### Dataset extract

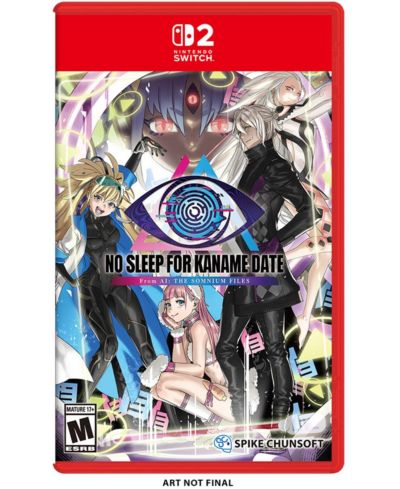 No Sleep For Kaname Date - From Ai: The Somnium Files Aiba Edition Nintendo Switch 2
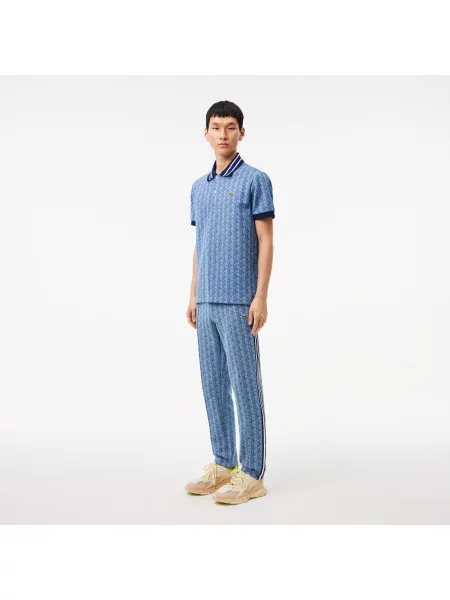 Спортивные штаны Lacoste синие
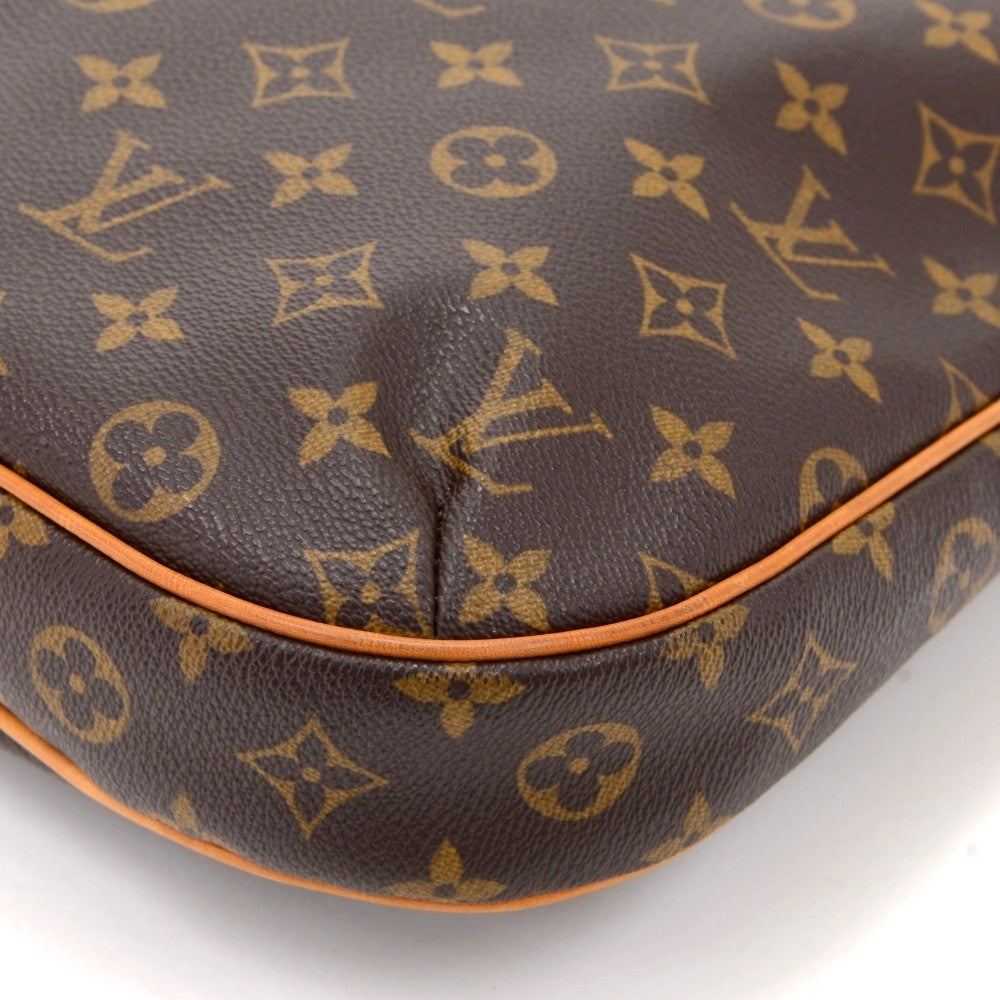 Louis Vuitto Odeon MM Monogram Canvas Shoulder Bag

### What this task involves
Leave the pictures aside and print exactly, and only, the lines from the one with "Спортивные штаны Lacoste синие" through the end of the data, both included.

### Result of this task
 Спортивные штаны Lacoste синие
 Louis Vuitto Odeon MM Monogram Canvas Shoulder Bag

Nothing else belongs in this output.